In Re the Marriage of Ales

STREIT, J.

(specially concurring)

I concur as to the result affirming the trial court, but dissent as to the pronouncements concerning cohabitation.

Two learned members of this court hold when a petitioner in a modification action proves a prior spouse receiving alimony is cohabitating, the burden shifts to the recipient to show why alimony should continue in spite of the cohabitation. By doing so, they blur the distinction between marriage and cohabitation which has been definite in Iowa. It has always been the law of this state that cohabitants are not afforded the same legal rights or responsibilities as married persons. Our supreme court heartily embraced this principle in Slocum v. Hammond by rejecting the concept of palimony. In Slocum, the court quoted this language:

The policy of this state is that the de jure family is the basic unit of social order. This policy is reflected in statutes governing the right to marry. See Iowa Code chapter 595 (1983). It is reflected in the rule recognizing common law marriages. It is demonstrated by statutes defining the rights and responsibilities of husbands and wives toward each other and toward their children. See, e.g., chapters 597 and 598. The policy favoring marriage is not rooted only in community mores.

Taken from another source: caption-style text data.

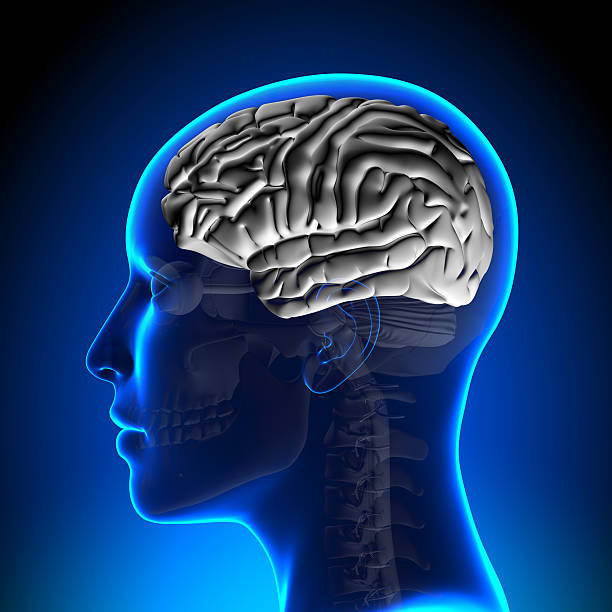 istock Female Brain Anatomy - White Brain 528149123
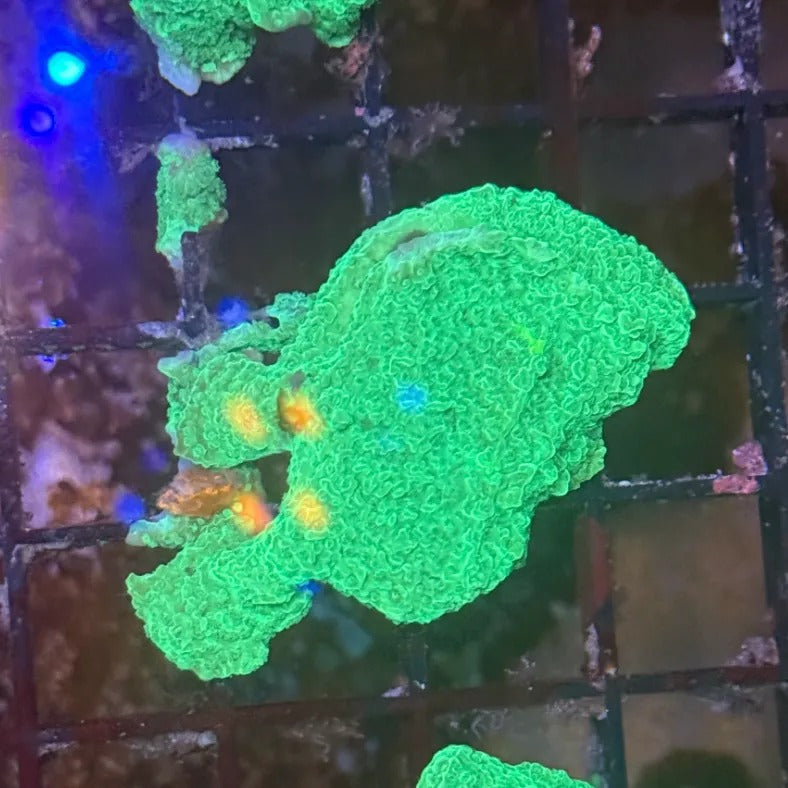Green Montipora Cap GM2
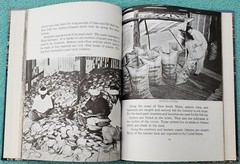 Australia 1966 Hardcover 112 Pages Great Photos And Content – 1960’s Australia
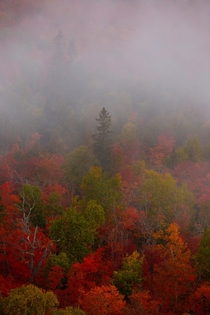 Foggy fall colors in Minnesota 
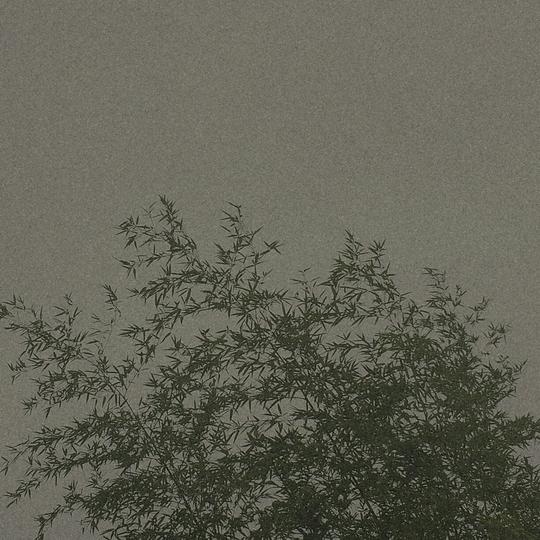 二呆辞摄影手写背景图简单图主页图空间素材/壁纸景色酷很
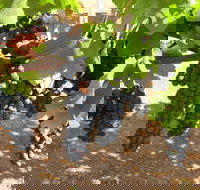 Waybourne Winery - Gold Coast Attractions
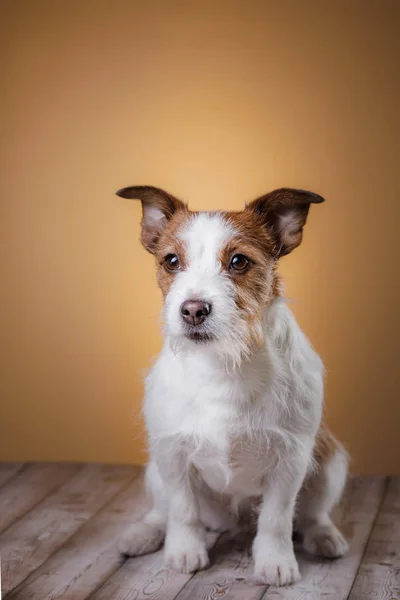 Perro sentado en el suelo. Lindo Jack Russell Terrier — Foto de Stock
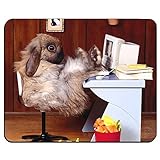 Funny Cute Animal Rabbit Bunny Personalized Custom Gaming Mouse Pad Rubber Durable Computer Desk Stationery Accessories Mouse Pads For Gift MP0534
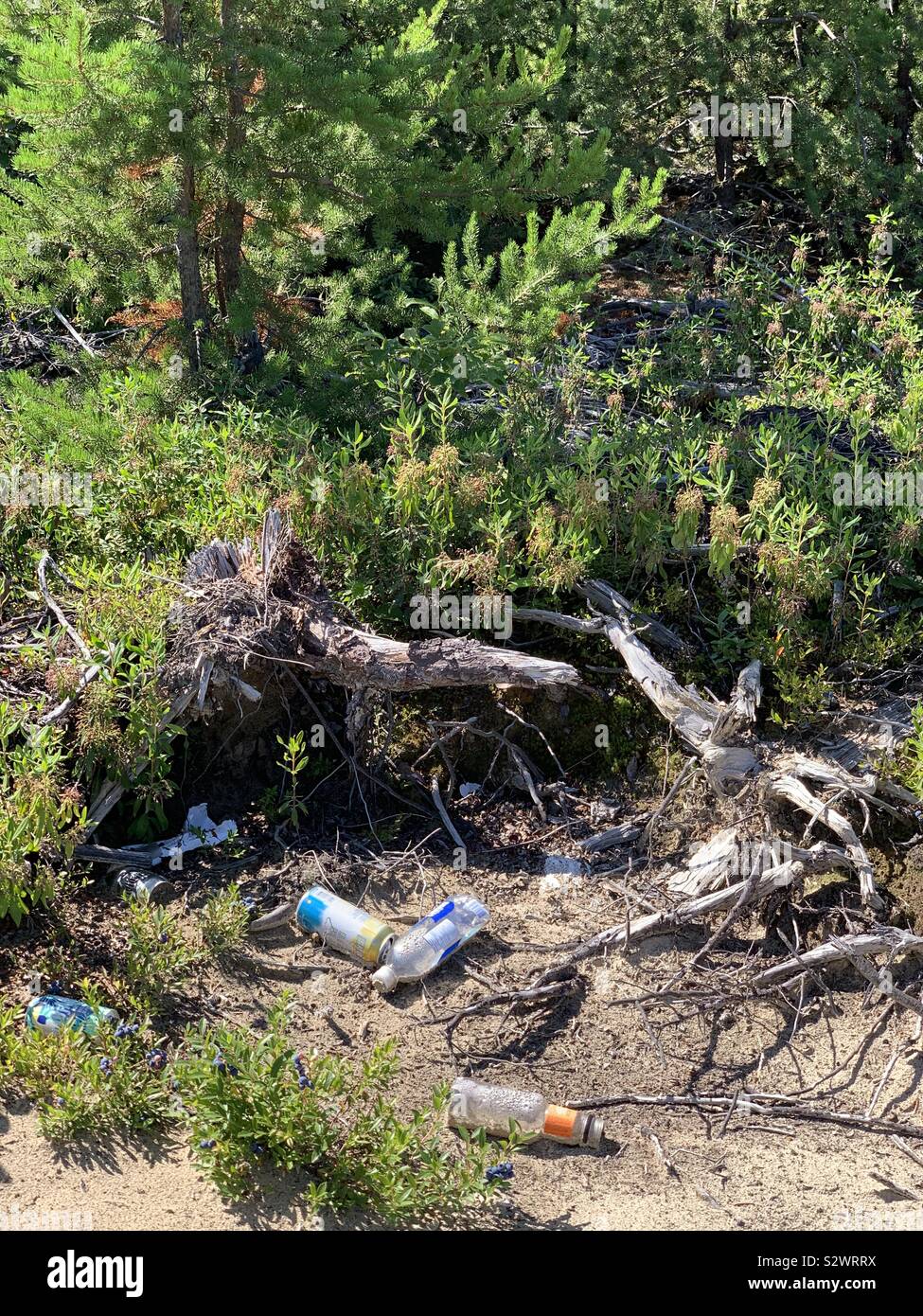 Trash in the nature , Canada Stock Photo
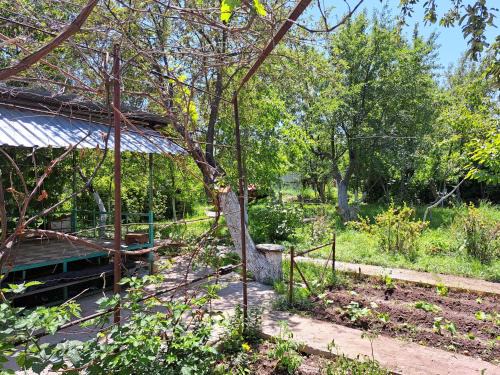 Chuy Province Casa | Дача Байтик
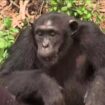 Des volontaires protègent les chimpanzés dans un sanctuaire au Cameroun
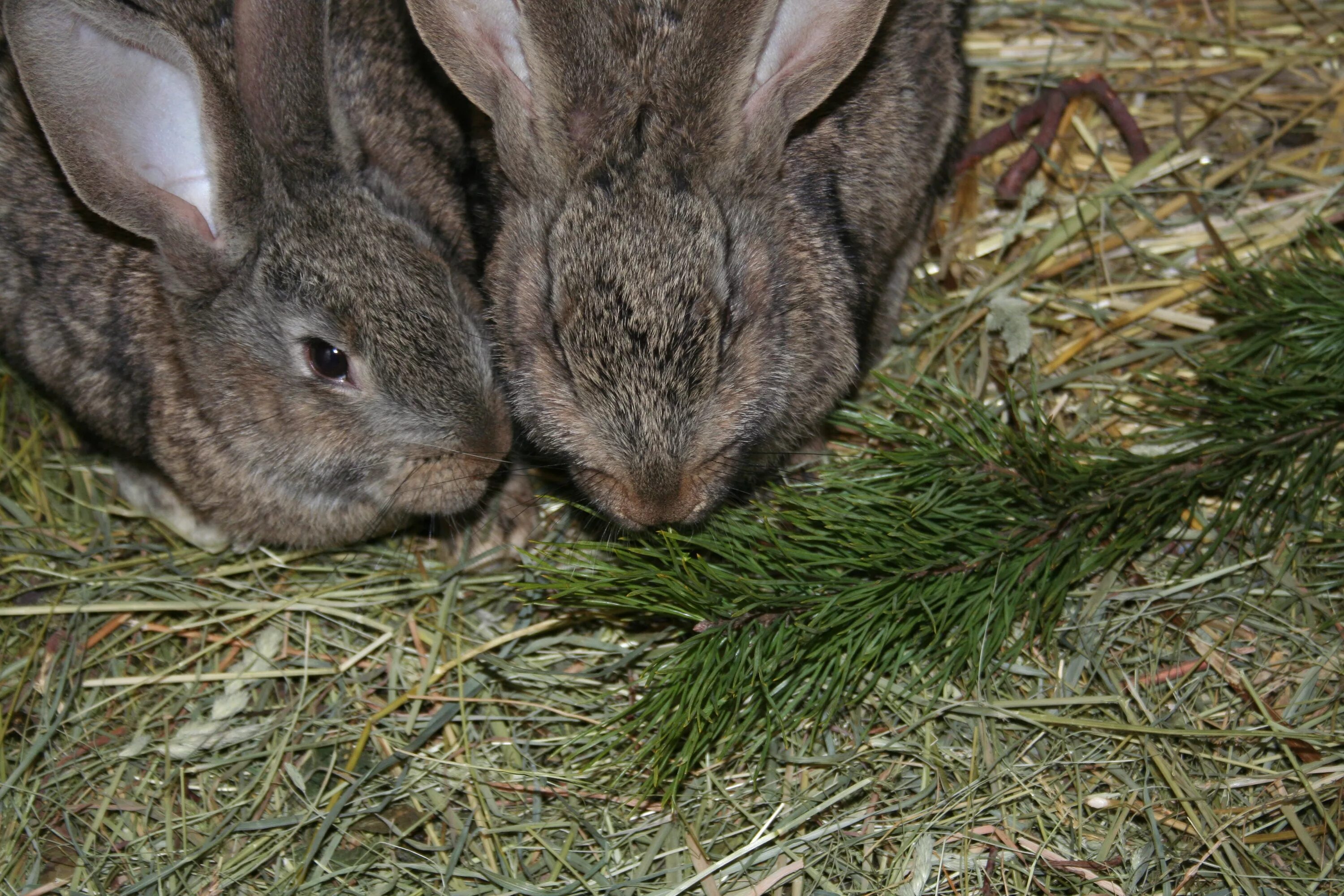 Кроликам можно клубнику. Кормовой кролик. Кормление кроликов. Крольчата кормовых кроликов. Сочные корма для кроликов.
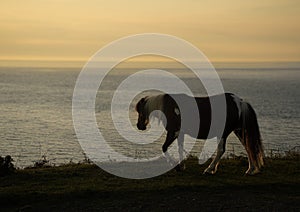 Stumble head wild horses Pembrokeshire sunset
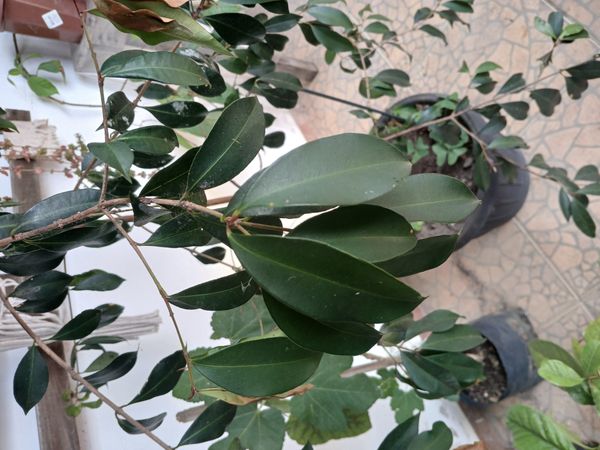 Identificação da planta Jambo carmesim por foto
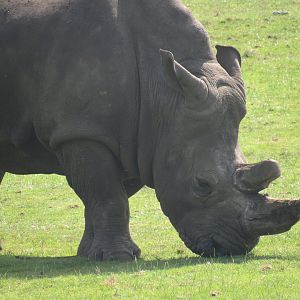 Southern White Rhinoceros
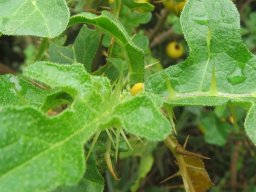 Solanum linnaeanum leaf midrib spines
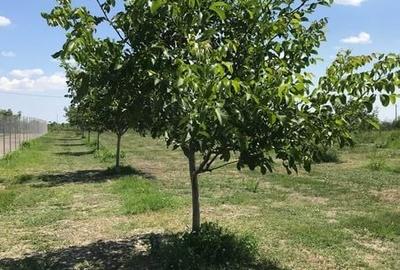 Teren de 370000 mp, în Pietroasele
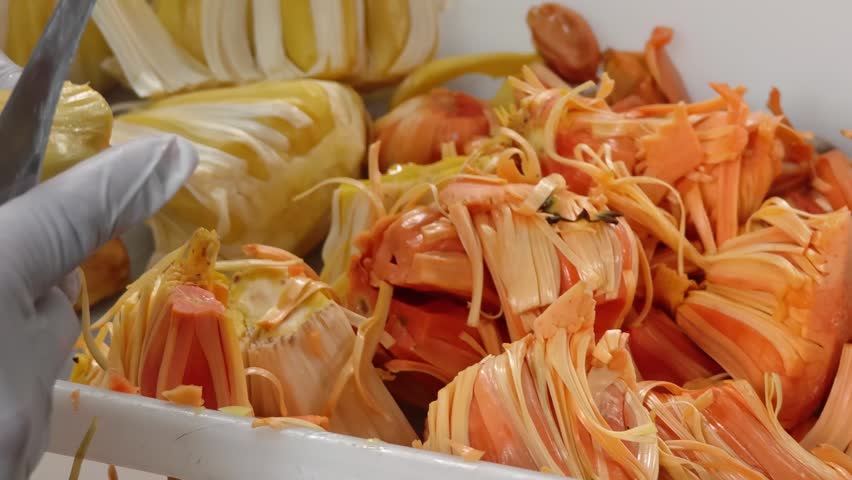 Fresh ripe jackfruit cut in half with yellow bulbs wooden table.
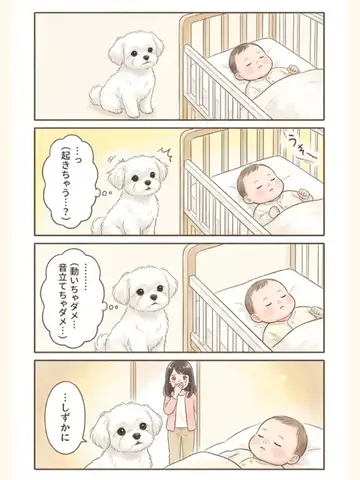 都内のチワワのTikTok投稿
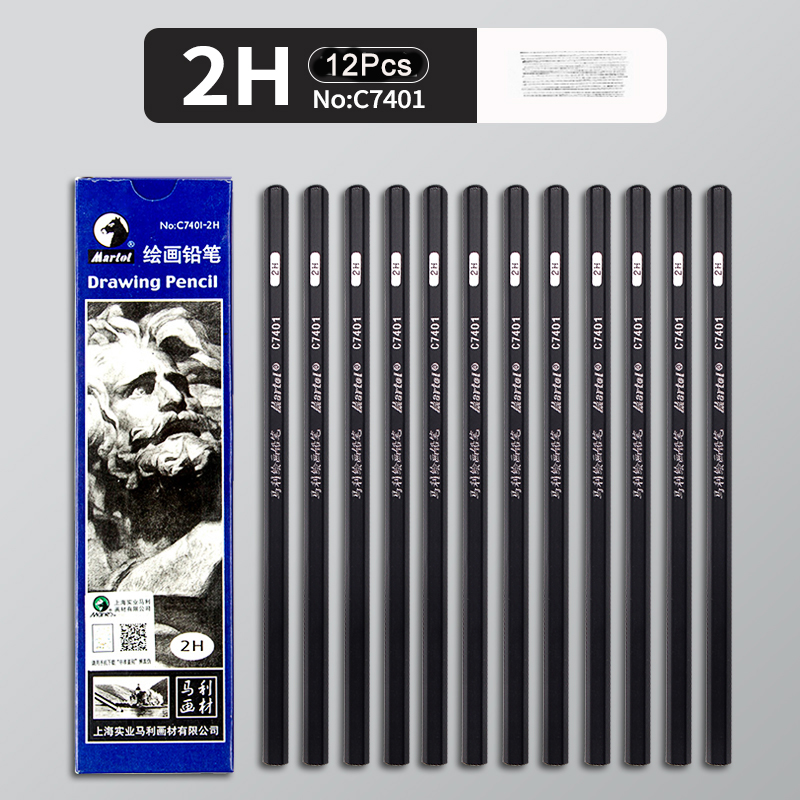 12Pcs 2H HB B 2B 3B 4B 5B 6B 7B 8B 12B 14B Sketch Drawing Graphite Shading Charcoal Pencils Set Sketching for Artists Beginners: Light Grey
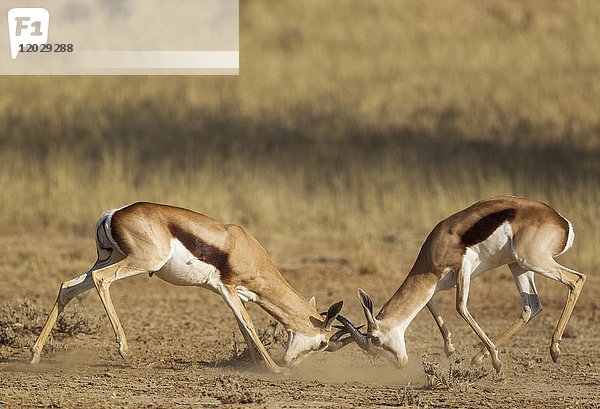 Springböcke (Antidorcas marsupialis)  kämpfende Männchen  Kalahari-Wüste  Kgalagadi Transfrontier Park  Südafrika  Afrika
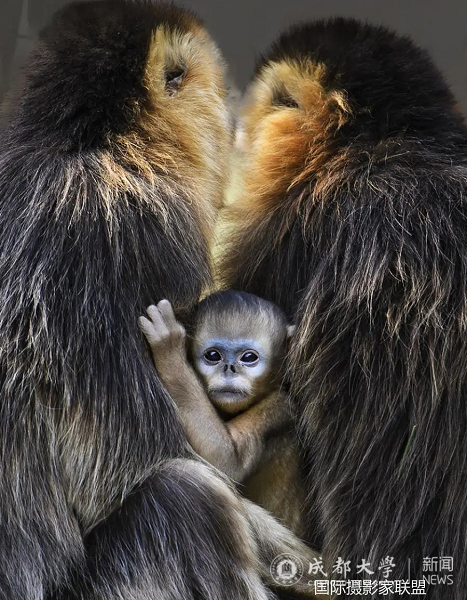 美术与设计学院名誉院长薛康荣获第十三届IUP国际摄影展览自然组金奖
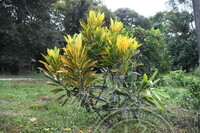 KERJA-KERJA PENYELIDIKAN DI PAHANG, TERENGGANU, KELANTAN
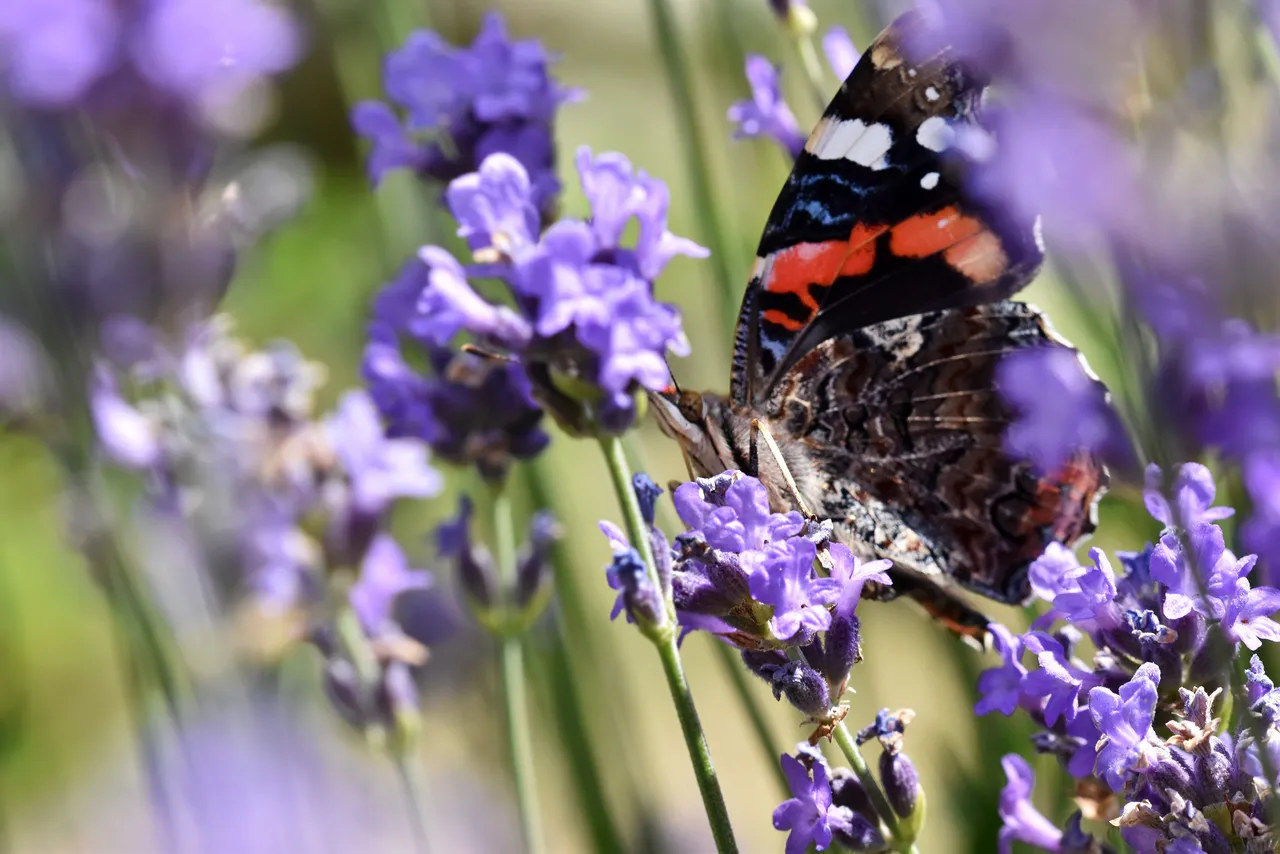 Vanessa atalanta red admiral butterfly lavender 6.jpg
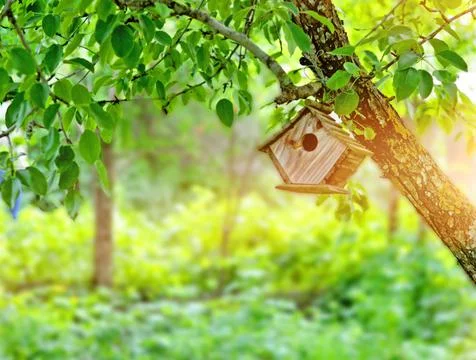 Birdhouse on a tree rays of the sun Foto stock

It is also rooted in the necessity of providing an institutional basis for defining the fundamental relational rights and responsibilities of persons in organized society. This policy would be subverted if persons could gain marital legal rights without accepting correlative marital legal responsibilities. We need go no further than this in rejecting plaintiffs’ invitation in the present case.

Slocum v. Hammond, 346 N.W.2d 485, 491 (Iowa 1984) (quoting Laws v. Griep, 332 *706N.W.2d 339, 341 (Iowa 1983)). The majority’s holding burdens cohabitant with responsibility of marriage without the corollary rights. In addition, although defined by the majority, cohabitation exists in a multitude of forms and is hard to pin down by definition, making this holding difficult to apply.

The majority uses this court’s decision in In re Marriage of Wendell, 581 N.W.2d 197, 199-200 (Iowa App.1998) to support a change in the burden-shifting analysis. In re Marriage of Wendell does not support the change. In Wendell, we held because cohabitation has too many variables to be a defined future event, it would be inappropriate to use cohabitation as an event to automatically terminate alimony in an original dissolution decree. See Wendell, 581 N.W.2d at 200. Rather, we held, it was better to reserve the question of whether cohabitation would terminate alimony in an action to modify the decree based on a substantial change of circumstances under Iowa section 598.21(8)(a).

There is no reason to blur the legal distinction between marriage and cohabitation as the majority does here. Cohabitation should remain a factor to consider in determining whether there has been a substantial change in circumstances warranting modification. See Iowa Code § 598.21(8); see also Schober, 379 N.W.2d at 47; In re Marriage of Wendell, 581 N.W.2d 197 (Iowa App.1998). It should not be elevated to the same legal effect as remarriage.

MAHAN and ZIMMER, JJ., join this special concurrence.